Our take on the latest Economic and fiscal update (Tue 17 Dec 2024)
Slower productivity growth lowers GDP growth track
Government spending remains above 31% of GDP
Return to surplus in 2028/29 (OBEGALx)
The key numbers...
- Economic conditions have deteriorated further than The Treasury had previously anticipated, contributing to a $12.9b reduction in forecast Core Crown revenue between 2025 and 2028, compared to expectations in May’s Budget Economic and Fiscal Update (BEFU).
- Expectations for Core Crown expenses have risen, up $5.7b over the 2025 to 2028 period. Largely due to the weaker economic track, spending will remain above 31% of GDP throughout the forecast period to 2029, compared to the pre-pandemic figure of 29%.
- Weaker expected revenue, combined with increased spending, means the return to surplus has been pushed out again, this time beyond the forecast period. A new metric, OBEGALx, was introduced in the Half Year Economic and Fiscal Update, which measures the operating balance before gains and losses excluding ACC revenue and expenses. This measure has been introduced because ACC will be temporarily underfunded with the motor vehicle and worker accounts oversubscribed. OBEGALx returns to surplus in 2028/29, a year later than the BEFU’s forecast return to OBEGAL surplus of 2027/28.
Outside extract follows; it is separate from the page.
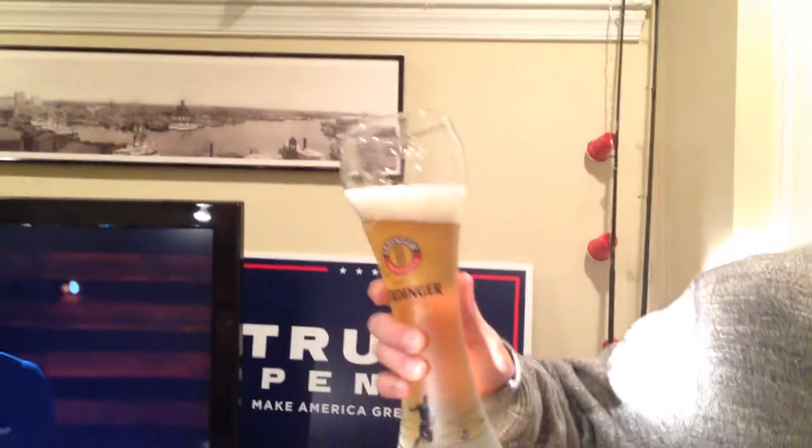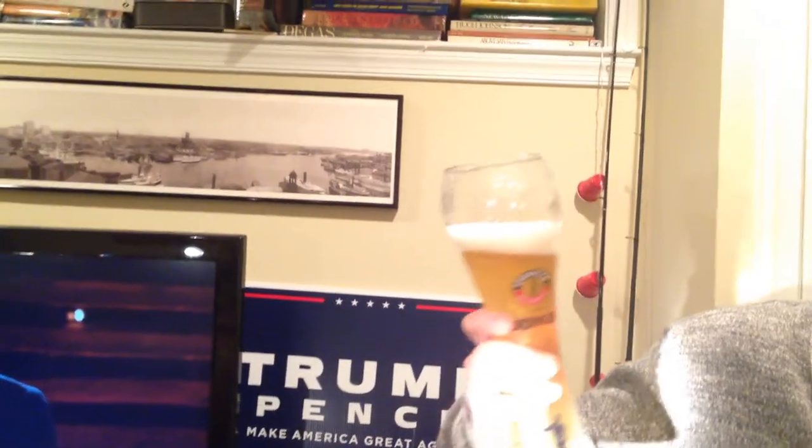Similar color to the beer I just tried the other day — Corona — maybe a little bit darker, and a little bit nicer of a head as well, but very comparable. This one I think is slightly stronger than some of the others.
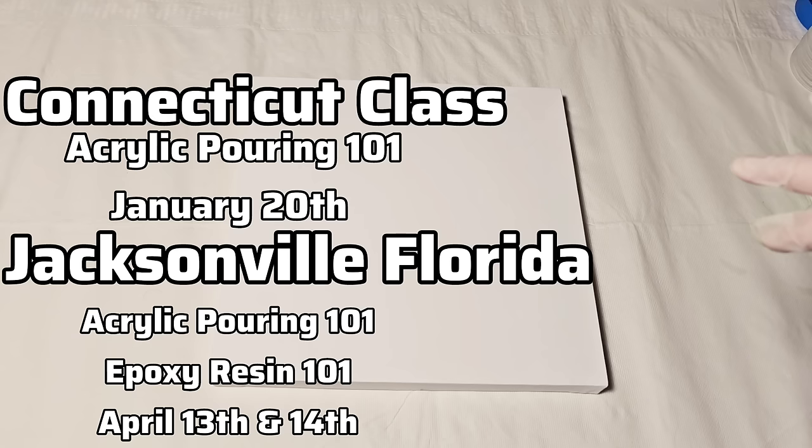Before we start, I want to remind everyone I have a few classes coming up where I'm teaching acrylic pouring — one in Connecticut, with about one seat left, and one in Jacksonville, Florida in April with maybe three or four seats left. The Florida class also includes a resin art add-on. If you're interested in either, send me an email at artbytammy at yahoo.com.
- The combination of expected reduced revenue and increased expenses means more borrowing to bridge the gap, with an additional $17b of net debt in 2027/28 compared to the BEFU forecast.
Taking longer to get back to surplus
$b, June-years, OBEGAL

...and our reaction
- The economy is expected to recover substantially from mid-2025 onwards, with year-end growth reaching 3.4%pa in the second half of 2026. But weaker activity to date this year, which is forecast to continue into the first half of 2025, means that GDP levels are expected to be lower throughout the forecast period. This shift has had negative repercussions for the fiscal outlook.
- The key driver of weaker expected GDP growth and a lower tax take over the forecast period is slower labour productivity growth, with just over half of the $13b reduction in tax take a direct result of this change. Nominal GDP forecasts were revised down by $18.8b over the 2025 to 2028 period.
- Net core crown debt as a percentage of GDP is expected to rise relatively from 38% in 2024 to 46% in 2027 before edging down to 45% in 2029. This track is slightly higher than in the BEFU largely due to the reduction in forecast GDP growth.
- Treasury sees downside risks to its outlook, with low economic growth expected from our major trading partners over the forecast period, combined with uncertainty over future trade policy that might be implemented following US President-elect Trump’s inauguration in 2025.